I used a jig saw to rough cut the basic shape and then hand files for the final shaping.
The bevel on the outer edge seems virtually impossible to achieve without some type of trimmer and specific bit.

I haven't worked with plastics all that often and found it challenging.


BEFORE:










AFTER:


----------



## KapnKrunch (Jul 13, 2016)

It's better than mine. Lol.


----------



## Frenchy99 (Oct 15, 2016)

Good job !

Following this thread to learn any magical tricks at doing them...

My results using the same methods as you years ago from a rescue attempt of an old early 70`s Aria Tele.

From this:


To this:


I decided to go black after the fact but lacked the courage to complete my idea due to the difficulty I had the first time around...  A reg Tele pickguard does not fit on the Aria.

Looking for tricks or advice to learn...


----------



## Hamstrung (Sep 21, 2007)

Good work! I did one a while back and found the beveling to be the trickiest part too.


----------



## Budda (May 29, 2007)

Looks good Dave!


----------



## greco (Jul 15, 2007)

Hamstrung said:


> Good work! I did one a while back and found the bevelling to be the trickiest part too.


Any suggestions regarding doing the bevelling by hand?


----------



## davetcan (Feb 27, 2006)

You realize it looks better without the guard?


----------



## greco (Jul 15, 2007)

davetcan said:


> You realize it looks better without the guard?


Now you tell me!


----------



## davetcan (Feb 27, 2006)

greco said:


> Now you tell me!


Someone had to 

Well done on the PG though, I know plastic can be a real bitch.


----------



## mhammer (Nov 30, 2007)

Bevelling seems to me best done with a scraper. Certainly some preliminary degree of filing or other rounding of corners or turns needs to be done to permit continuous scraping movements over a long stretch.

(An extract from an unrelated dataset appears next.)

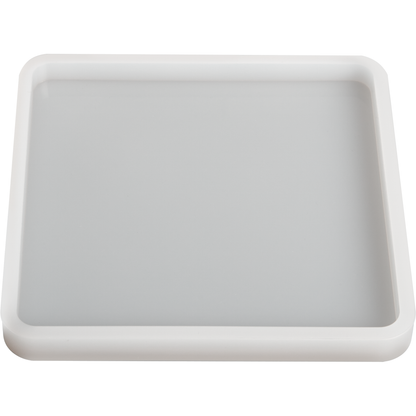 Gray Urban Crafter Silicone Square Mould coaster 11x11x1cm Resin Moulds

Butscrapers can be arranged, and occasionally "masked" to provide a consistent angle of bevel.


----------



## knight_yyz (Mar 14, 2015)

Scraper or router table with the right bit. Whith the proper setup, you could use the French Curve style to get a good angle or just eyeball it with a straight style. I wouldn't use files or anything before the scraper as it will follow all the hills and valleys. A scraper at the right angle should go through it like butter.


----------



## greco (Jul 15, 2007)

knight_yyz said:


> *I wouldn't use files *or anything before the scraper as it will follow all the hills and valleys.

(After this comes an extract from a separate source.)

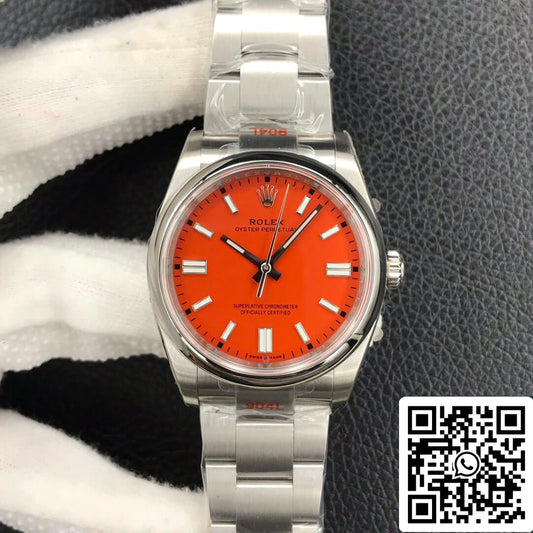 Rolex Oyster Perpetual M126000-0007 36MM 1:1 Melhor Edição EW Factory Aço Inoxidável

I had no other way of doing the final shaping.


----------



## THRobinson (Jun 29, 2014)

I still need to make one for an old SG copy I have because the guard also covers the potentiometer cavity like a Strat pickguard does. I have 2 of the guitars so I have 1 I can use for making the template. I may though make it with 1/8" mdf, and use a router table. I've seen it done often on YouTube, but, worried the heat will just melt the plastic and make a big ol' mess.


----------



## greco (Jul 15, 2007)

THRobinson said:


> ....worried the heat will just melt the plastic and make a _big ol' mess._


This is what I'm wondering (only academically...I'm not going to make another pickguard). 

Various types of plastics react differently to the heat caused by the friction of cutting tools. 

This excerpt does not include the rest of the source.